Par exception. C’est lui qui peignait les fresques de la chapelle. Ah ! si vous aviez vu ça !

RONDEAU.
––––––Je le voyais à la chapelle,
––––––En l’air, étendu sur le dos,
––––––Et badigeonnant avec zèle
––––––La voûte à grands coups de pinceaux.
––––––Il était bien haut, mais qu’importe !
––––––Tout mon cœur monta jusqu’à lui…
––––––Et crac ! je m’épris de la sorte
––––––De ce bel homme en raccourci.
––––––Les yeux en l’air, avec extase,
––––––Je semblais implorer les cieux :
––––––« Non ; c’est lui qu’il faut que j’embrase. »
––––––Et je l’hypnotise des yeux !
––––––Qu’un regard peut être loquace !
––––––Rien qu’un coup d’œil, on s’est compris.

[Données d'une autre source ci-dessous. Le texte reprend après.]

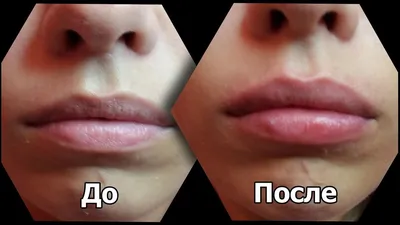 Увеличение губ - Клиника косметологии: лазерная эпиляция | увеличение губ |  перманентный макияж | похудение - V-klinik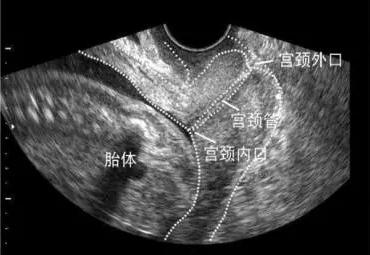 独家解析 人孕她孕,为何偏偏徐若瑄会如此艰辛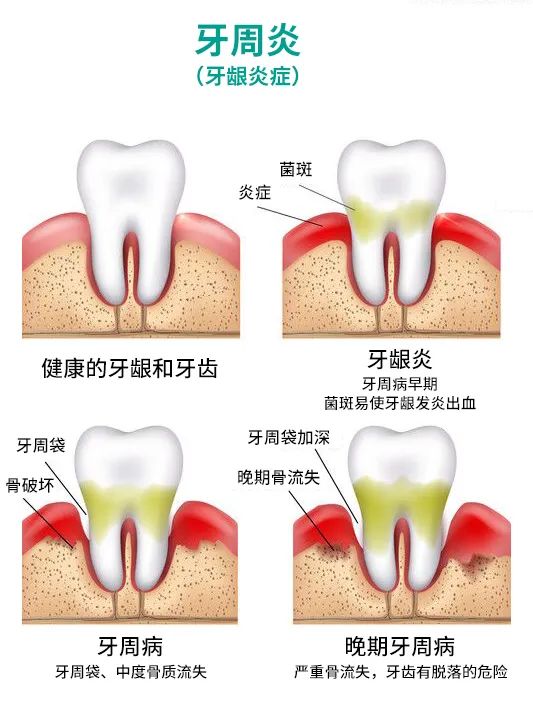 牙周炎是什麼原因引起的?牙周炎發展的4個階段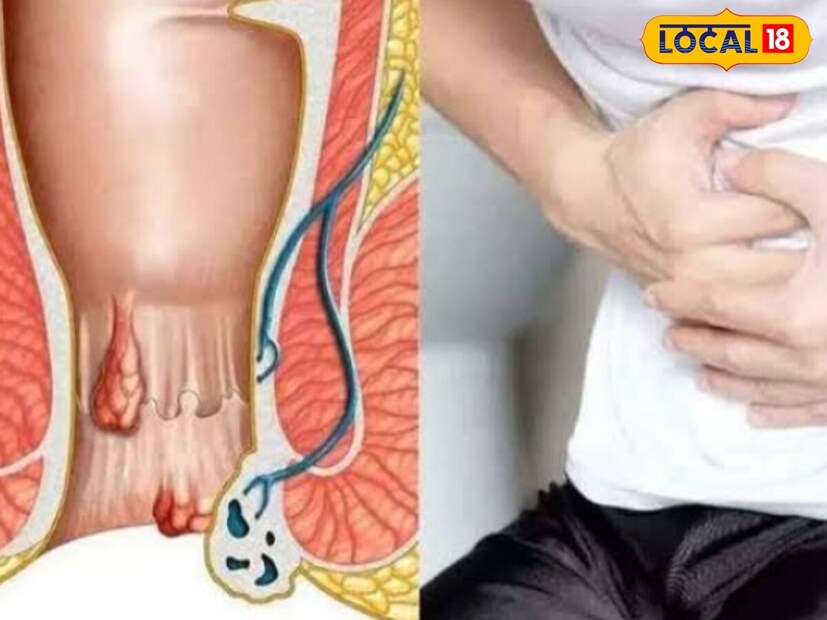 *এই রোগ এড়াতে সবচেয়ে ভাল উপায় হল ভাজা খাবার এবং জাঙ্ক ফুড এড়িয়ে চলা। সঠিক পরিমাণে জল পান করা উচিত এবং শারীরিকভাবে সক্রিয় থাকা উচিত। তিনি বলেন, পাইলস একটি পেটের রোগ, যা ভুলভাল খাবার জন্য বাড়ে।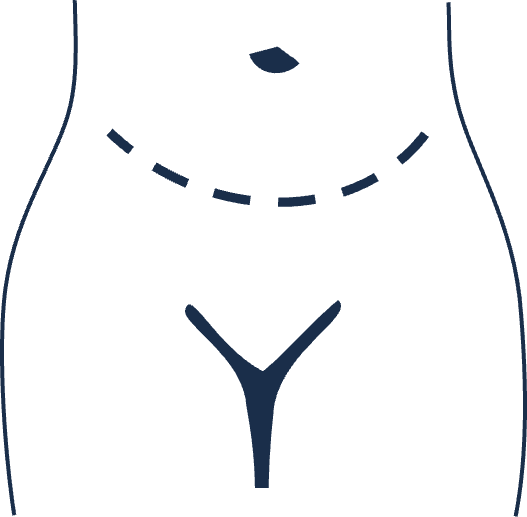 Abdominoplastyka — plastyka brzucha po odchudzaniu i po ciąży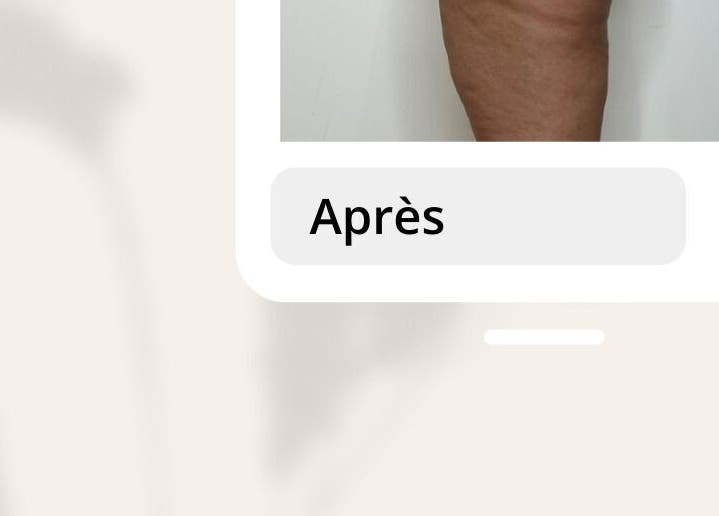 Résultat d'un traitement à domicile chez Esthelisa Esthéticienne au Kremlin-Bicêtre, Île-de-France, FR.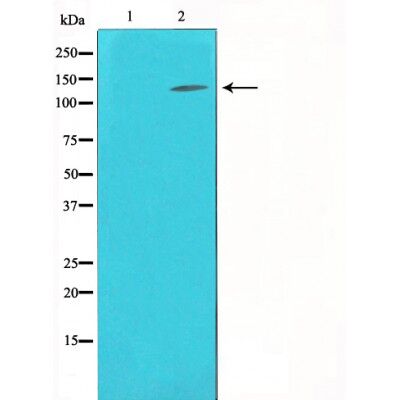 Collagen III Antibody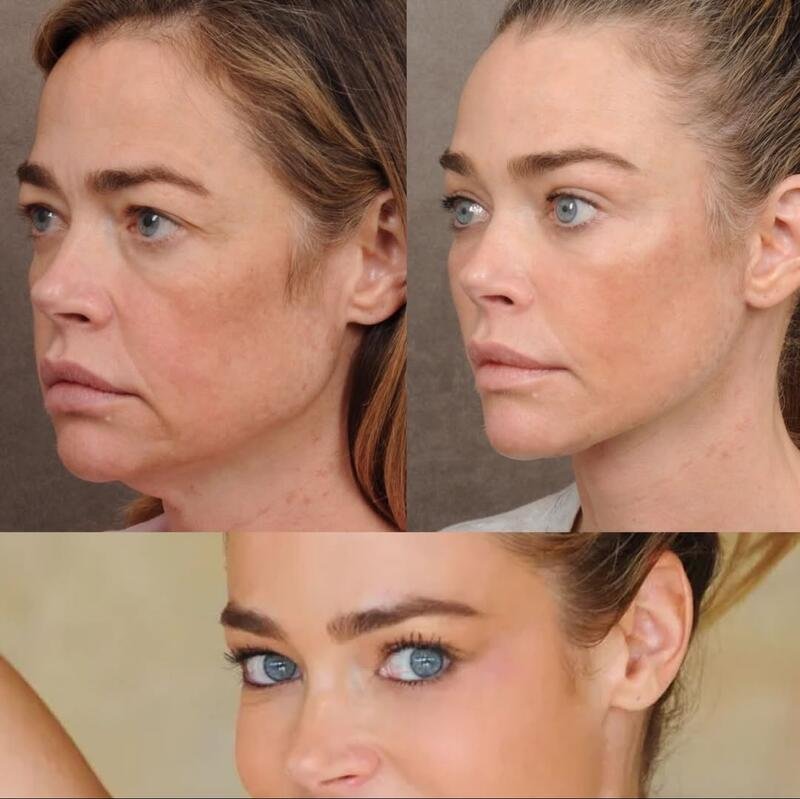 Деніз Річардс до та після підтяжки обличчя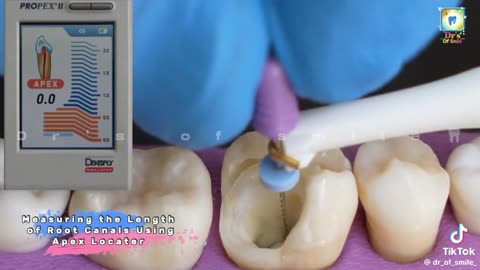 That's why I like dentistry ♥️♥️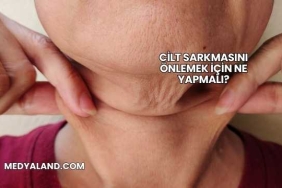 Cilt Sarkmasını Önlemek İçin Ne Yapmalı?
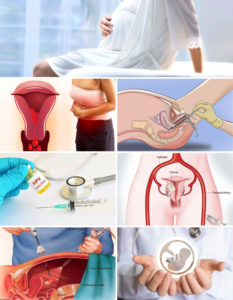 Gynecology Services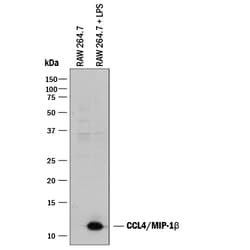 Mouse CCL4/MIP-1 beta Antibody, R D Systems 25&mu;g; Unlabeled:Antibodies,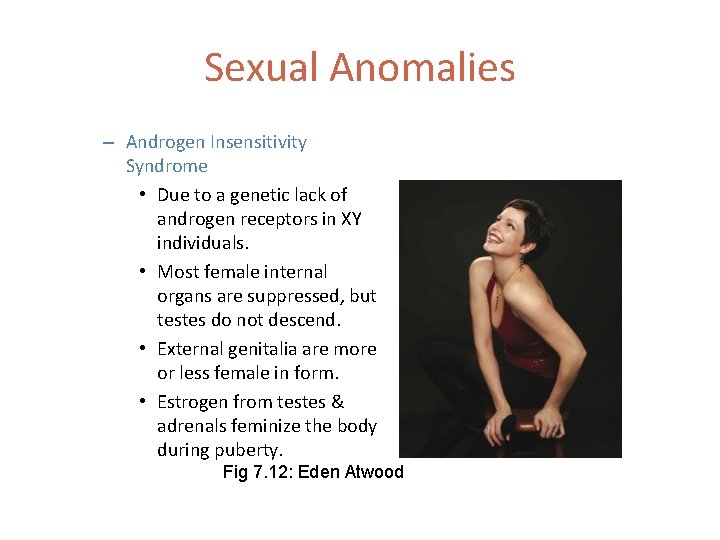 Sexual Anomalies – Androgen Insensitivity Syndrome • Due to a genetic lack of androgen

––––––Pan, dans l’orbite, de ma place,
––––––Et ça suffit, le voilà pris.
––––––Depuis ce moment, chaque messe
––––––Pour nous devient un rendez-vous ;
––––––Je l’aperçois même à confesse…
––––––Combien se confesser est doux !
––––––Et dès lors, le roman commence,
––––––Lui de là-haut, et moi d’en bas.
––––––Que nous importe la distance !
––––––En amour ça n’existe pas !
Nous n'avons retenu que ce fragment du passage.